The Art of Barbecue
Korean barbecue is serious business. We’re introduced to this essential truth inside Sopung (소풍), a restaurant that is more of a small room squeezed down a Gangnam side alley. A single window faces out towards an evening cast yellow by the neon glow of the city; a cluster of wooden tables and a few low stools; the air thick with smoke and the staccato rhythm of beef hitting charcoal. A television plays Korean baseball while two men in black t-shirts scurry between the kitchen and the dining room. Jet-lagged, a bit delirious and a long way from home, it’s a revelatory experience.
“Welcome to Seoul,” says Jae from Drake’s Dosan above the whir of a copper extraction fan as more kimchi, shiitake mushrooms and marbled beef appears at the table. “It’s a tradition to bring visitors here for the first meal.”
No complaints from us.
You very quickly learn that, when it comes to food in Seoul, more is always on the way. “We like to eat,” says our colleague Christina, which seems to be an understatement equivalent to implying that Ernest Shackleton got a bit of a kick out of wandering around the Antarctic. Rice comes at the end of the meal. It makes sense in the context.

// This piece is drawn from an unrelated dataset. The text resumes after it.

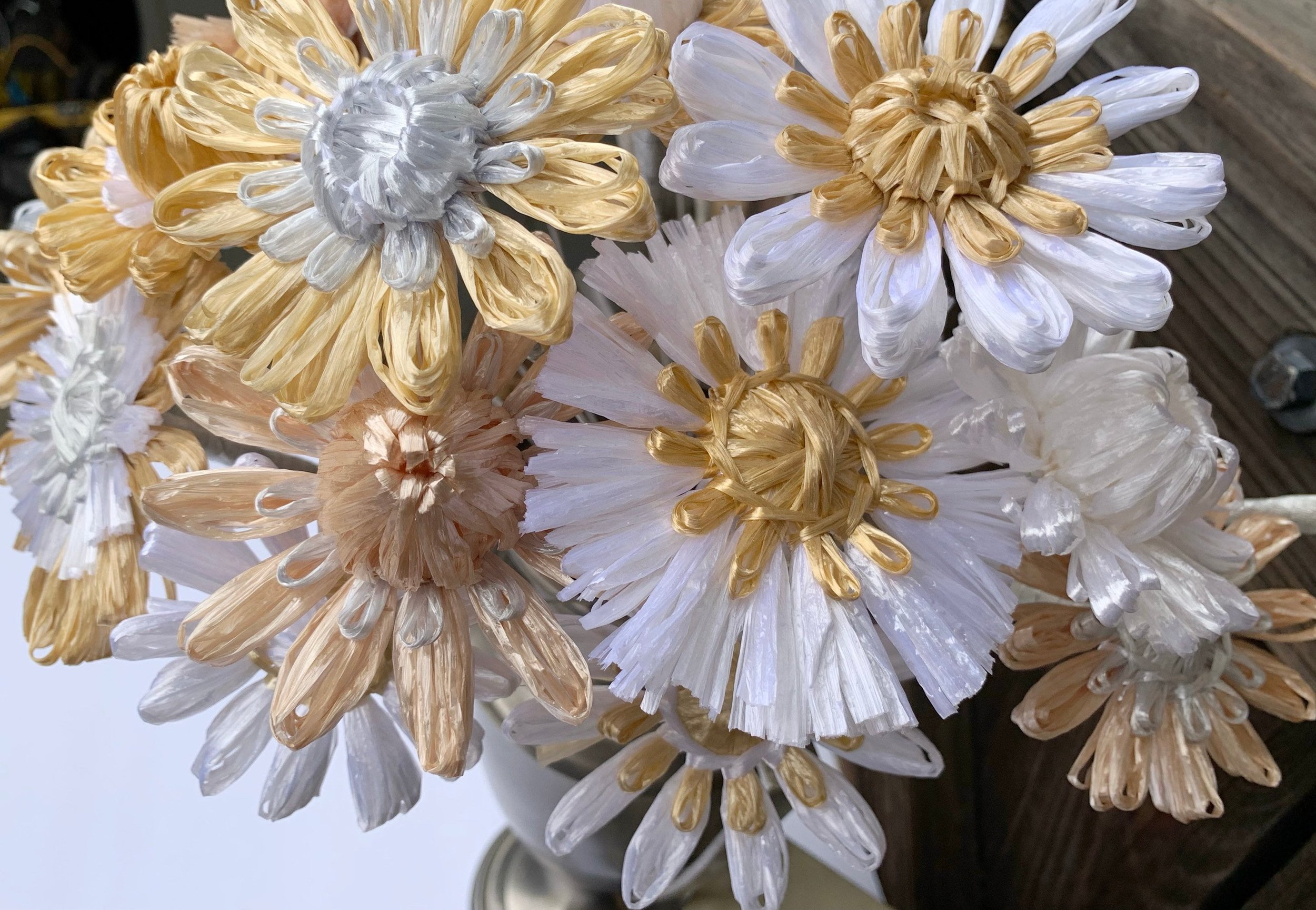 https://i.etsystatic.com/6348445/r/il/0da9e3/2972611213/il_fullxfull.2972611213_g7jp.jpg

At Majang market, north of the Han river, a row of plastic-fronted restaurants sit shoulder-to-shoulder away from the butchery and bartering of the main covered space. “We’re going to the second best one,” says our friend Ken. We decide not to ask about the first. It’s called Jeonbotdae-zip (전봇대집), and it turns out that second is more than good enough. Already-full in the early approach of evening, groups crowd around stainless steel tables, bottles of soju and plates of beef being passed back and forth. There are laminated photos of the food hung from the ceiling and a kitsch painting of flowers that has long since wilted behind us. JP shows us how to make a Somaek — beer and soju combined, which is about as lethal as you might expect.
Drifting around Seoul you see countless barbecue restaurants, all seemingly full of friends and colleagues eating communally — through steamed up windows and translucent flaps of plastic it’s easy to spot the designated barbecue master flipping and grilling with studied concentration. Don’t fill up your glass of soju yourself, someone will do that for you. At Gilmok (길목), it’s BYOB, there’s wine and champagne on the table and pork (it’s pork in this one), being seared by the team from Drake’s Dosan. We swap seats, the soju comes out, a restaurant experience that doesn’t involve your own personal fire-pit begins to seem like a wholly alien and unacceptable concept.
It feels like we’ve barely scratched the surface, and we haven’t, but it’s a great introduction.